··· Dataset ···

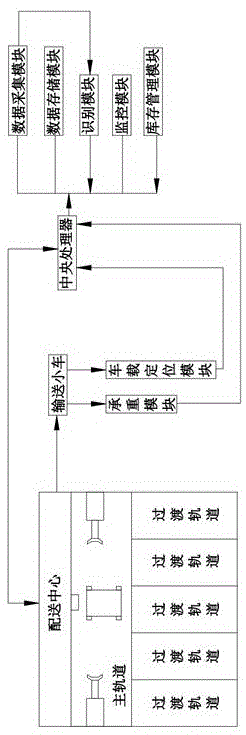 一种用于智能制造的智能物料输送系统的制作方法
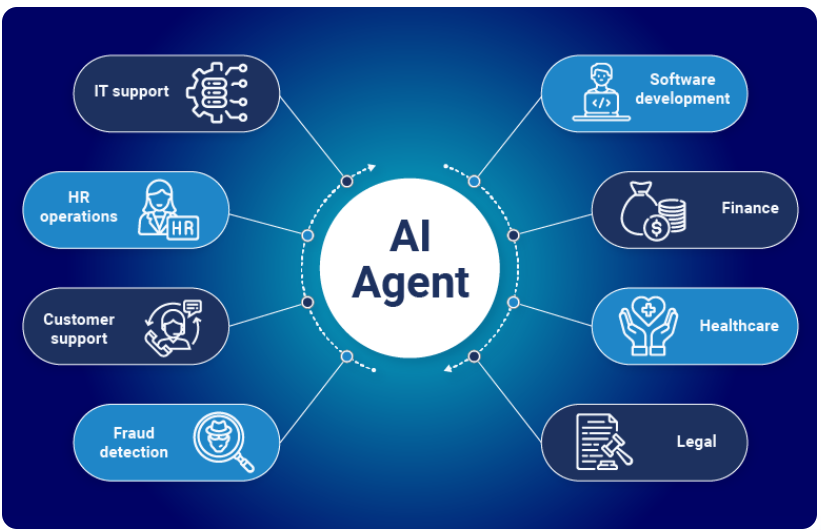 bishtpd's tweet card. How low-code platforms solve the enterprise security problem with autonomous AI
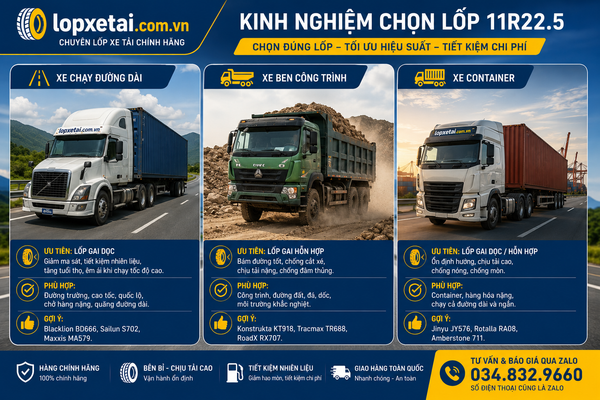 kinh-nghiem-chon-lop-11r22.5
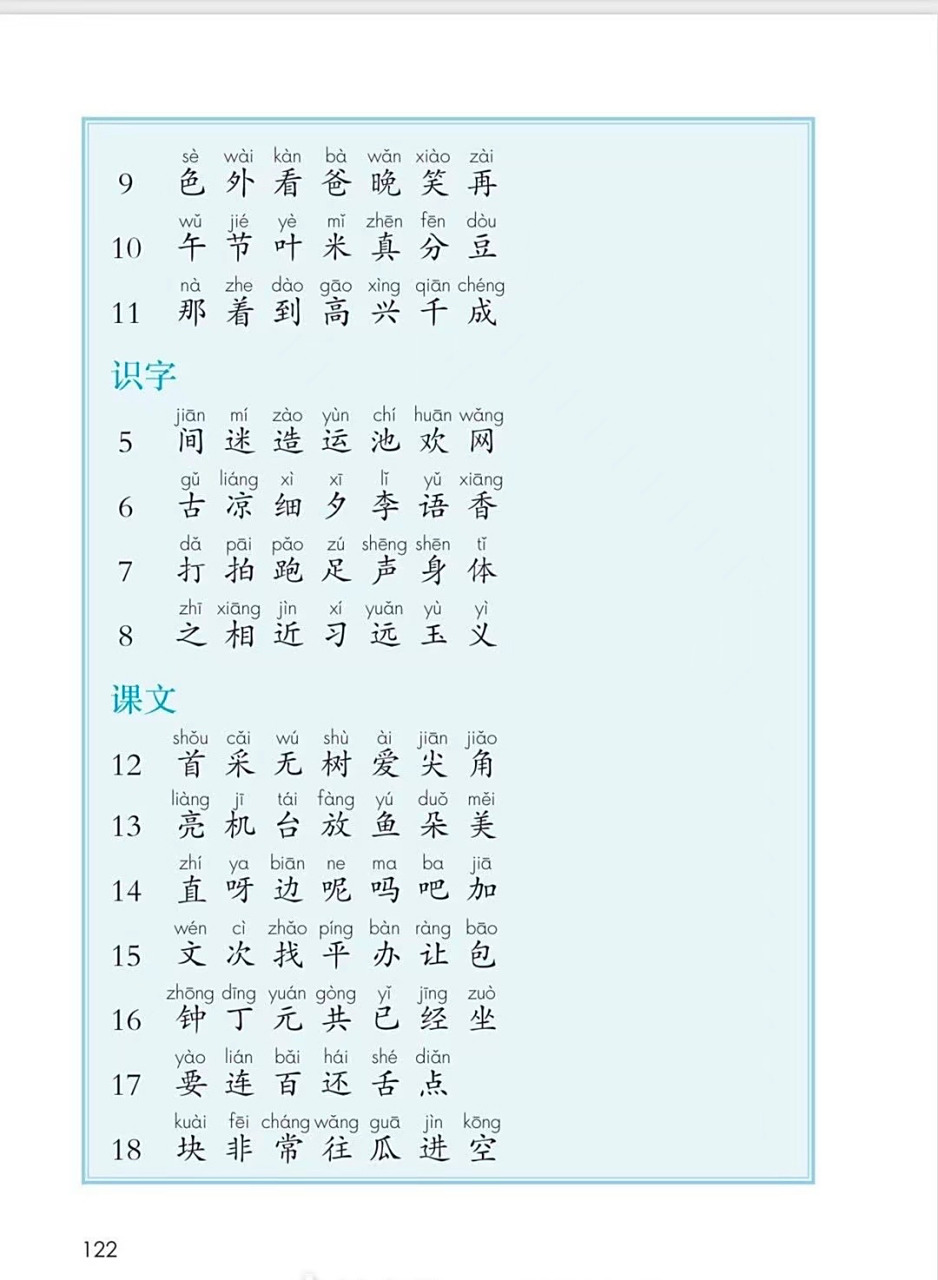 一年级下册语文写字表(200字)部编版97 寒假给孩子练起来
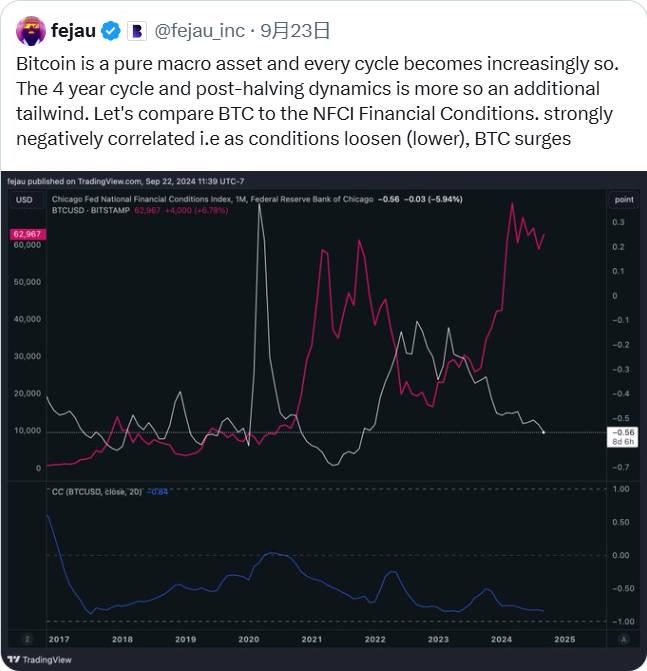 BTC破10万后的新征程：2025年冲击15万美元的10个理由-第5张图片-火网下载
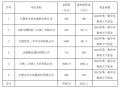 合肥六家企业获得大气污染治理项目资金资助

···
··· Dataset ···

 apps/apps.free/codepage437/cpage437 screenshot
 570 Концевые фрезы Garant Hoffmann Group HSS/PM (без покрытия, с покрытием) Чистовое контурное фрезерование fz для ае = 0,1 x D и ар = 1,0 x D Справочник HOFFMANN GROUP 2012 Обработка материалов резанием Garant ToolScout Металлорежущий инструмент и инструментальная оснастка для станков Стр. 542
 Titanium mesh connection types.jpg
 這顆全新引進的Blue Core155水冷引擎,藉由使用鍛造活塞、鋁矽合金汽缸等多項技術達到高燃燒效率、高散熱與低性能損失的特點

···

What you need to do:
All lines above from the one containing "bishtpd's tweet card." up to and including the one containing "合肥六家企业获得大气污染治理项目资金资助" are to be set down exactly, and nothing else. Leave images out.

Answer space:
 bishtpd's tweet card. How low-code platforms solve the enterprise security problem with autonomous AI
 kinh-nghiem-chon-lop-11r22.5
 一年级下册语文写字表(200字)部编版97 寒假给孩子练起来
 BTC破10万后的新征程：2025年冲击15万美元的10个理由-第5张图片-火网下载
 合肥六家企业获得大气污染治理项目资金资助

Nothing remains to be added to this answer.